EXERCISE DATA:
•••••

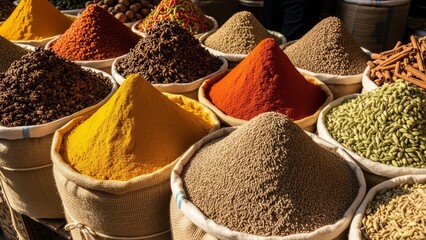 Vibrant colorful piles of various spices and herbs in burlap sacks at market with food and cooking and culinary and ingredients and assortment and aromatic with flavorful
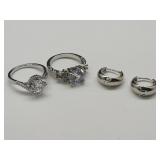 New Silver Plated Rings Sz 6 & Earrings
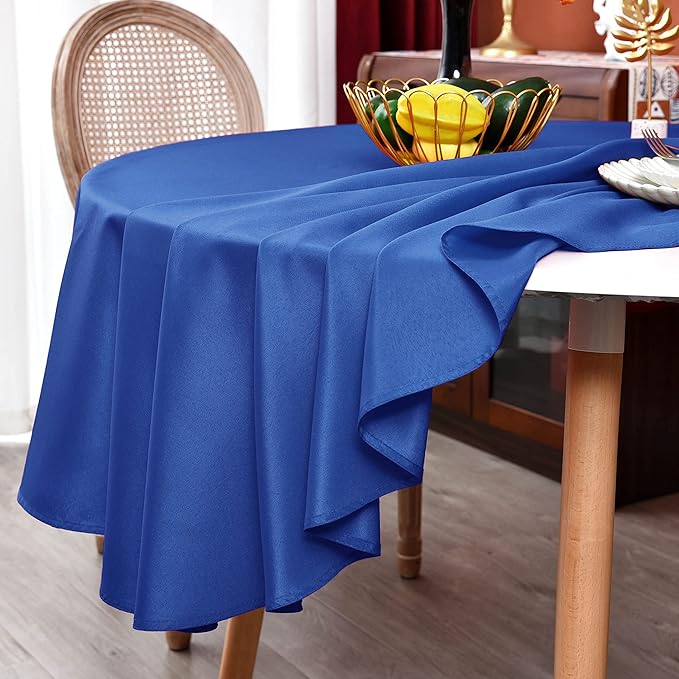 MEANMOY Royal Blue 210 GSM Water & Stain Resistant Round Tablecloth for Circle Table - Solid 48 Inch Table Cloth Cover in Wrinkle Free Durable Washable Polyester Fabric for Wedding, Party, Banquet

•••••

Reproduce the listing word for word. Do not carry over the pictures.

TASK RESPONSE:
 Vibrant colorful piles of various spices and herbs in burlap sacks at market with food and cooking and culinary and ingredients and assortment and aromatic with flavorful
 New Silver Plated Rings Sz 6 & Earrings
 MEANMOY Royal Blue 210 GSM Water & Stain Resistant Round Tablecloth for Circle Table - Solid 48 Inch Table Cloth Cover in Wrinkle Free Durable Washable Polyester Fabric for Wedding, Party, Banquet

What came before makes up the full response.